588
In a previous court case, a wife demanded spousal support, and the husband responded that after transferring his portion of their joint apartment, she expelled him from the home and hit him. He wants reconciliation, if she is willing to treat him civilly, which is what beit din ruled should be attempted, but she refused over a long period of time. The husband now demands back his part in the apartment.
Ruling: The regional court ruled that the wife does not have to return his part in the home because presents are permanent, even if subsequently the relationships sour (based on Shulchan Aruch, Even Haezer 99:2). The exception is special clothes and the like that were given just to beautify the wife in his presence (commentators, ad loc.). Another exception, when the wife is a moredet (refuses to take part in conjugal relations), does not apply because all agree that the husband is impotent.
The Supreme Rabbinical Court argued for the following reasons. While there are distinctions between different types of presents, there should be no question that presents that were meant for joint use revert back to the giver when the relationship is over. It makes no sense that the husband should give his wife his home so that she should live there herself after expelling him. The wife admitted that he gave her his part so that she could live there after his death, which implies that he did not do so for her to have the ability to take it from him.
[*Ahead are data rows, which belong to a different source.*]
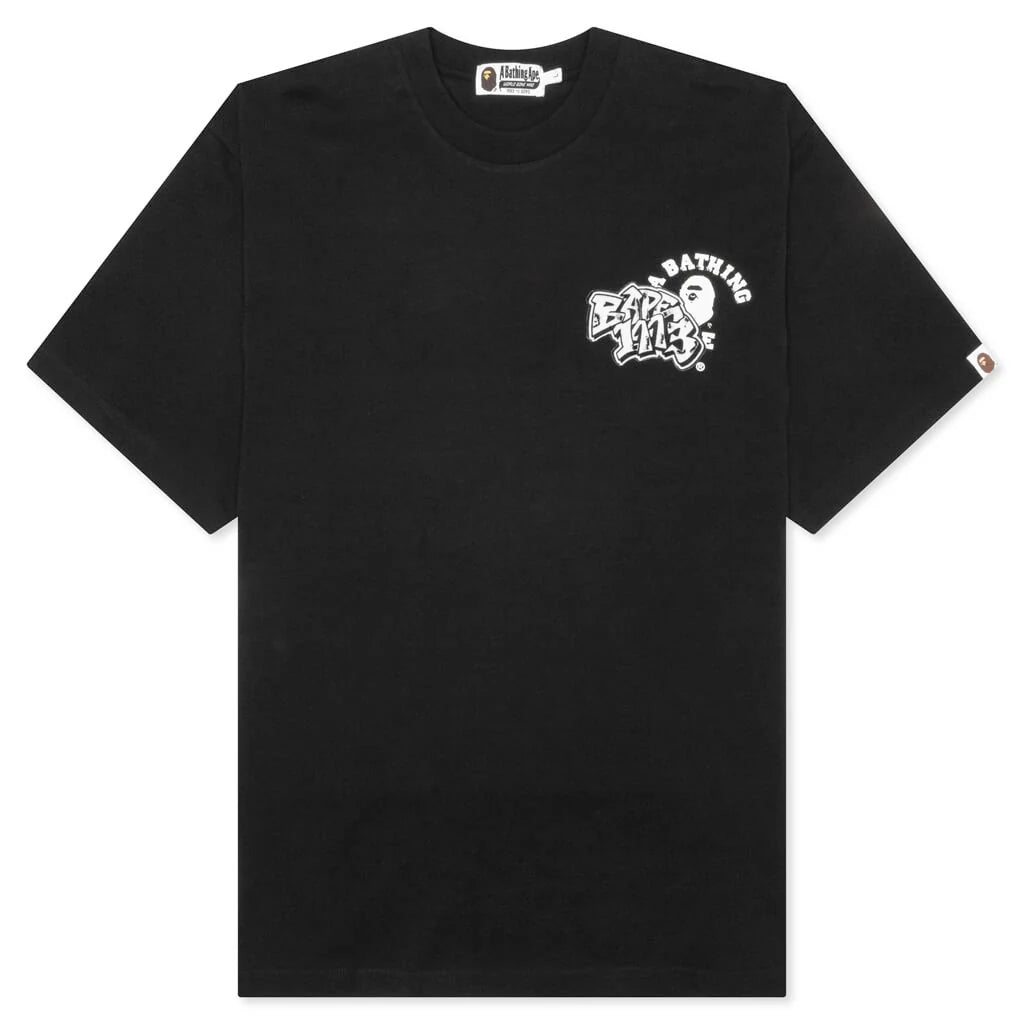 Bape Comics Graphic Tee Black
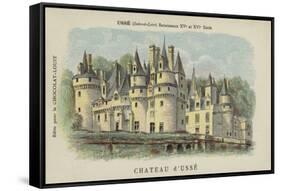 Chateau D'Usse, Usse, Indre-Et-Loire-French School-Framed Stretched Canvas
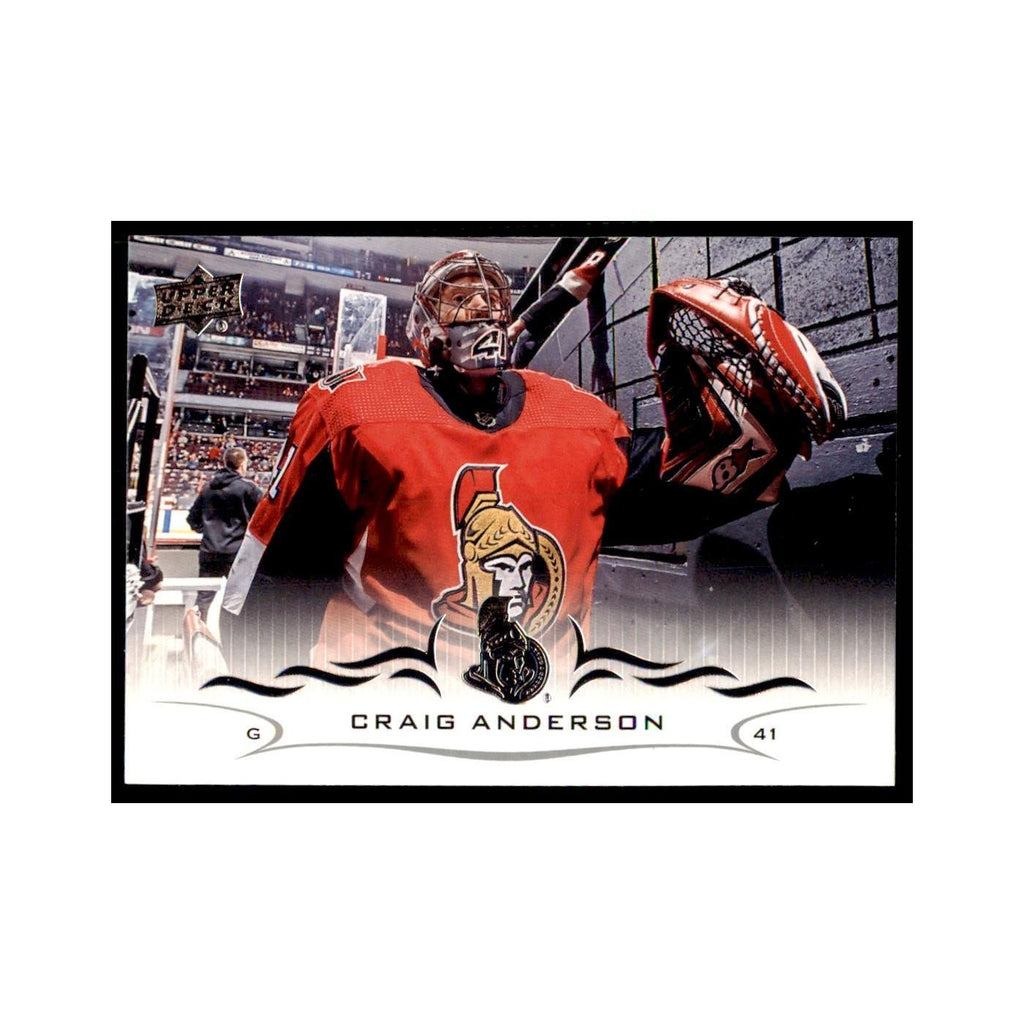 Craig Anderson 2018 Upper Deck #129 Hockey Cards Hockey Card NM
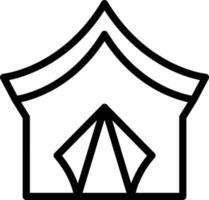 Vector Design Tent Icon Style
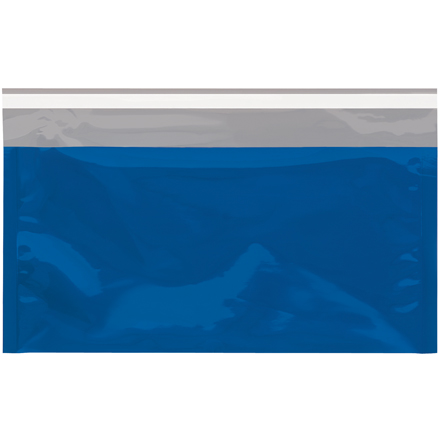 6 1/4 x 10 1/4" Blue Metallic Glamour Mailers
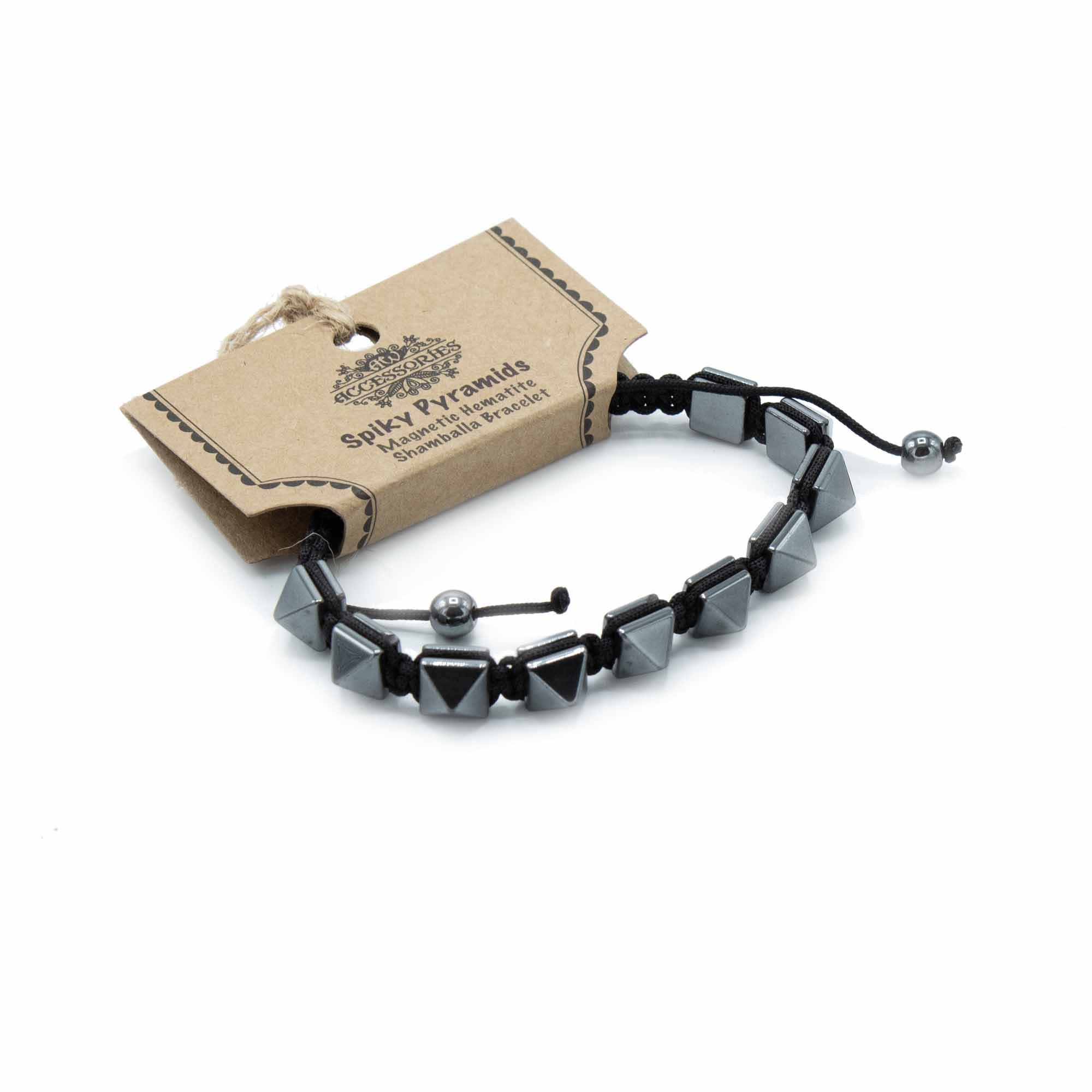 Bali-Homedecor Armband Magnetisches Hämatit-Shamballa-Armband- Stachelige P günstig online kaufen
There is another reason for her to not keep the present, based on a comparison to the laws of moredet (even though she is not fully a moredet). Whereas a moredet loses her ketuba as a sanction, that which she returns presents is based on the logic that he did not give them under such circumstances (Gra, EH 77:28). Although she loses the presents only after 12 months when she becomes a moredet, that is because until then we give her time to change her stand, but after that time the loss of presents is not based on the status of moredet. It is for that reason that when a woman claims that her husband is despicable in her eyes, she has a right for a get, yet she does not keep that which he gave her. That which the Shulchan Aruch (ibid.) says that she keeps her presents is when, from her perspective, she is willing to continue with him, even if it is difficult to do so. In a case, though, that she consistently refuses reconciliation, she does not retain the presents. Thus, the husband gets back his portion of their joint home.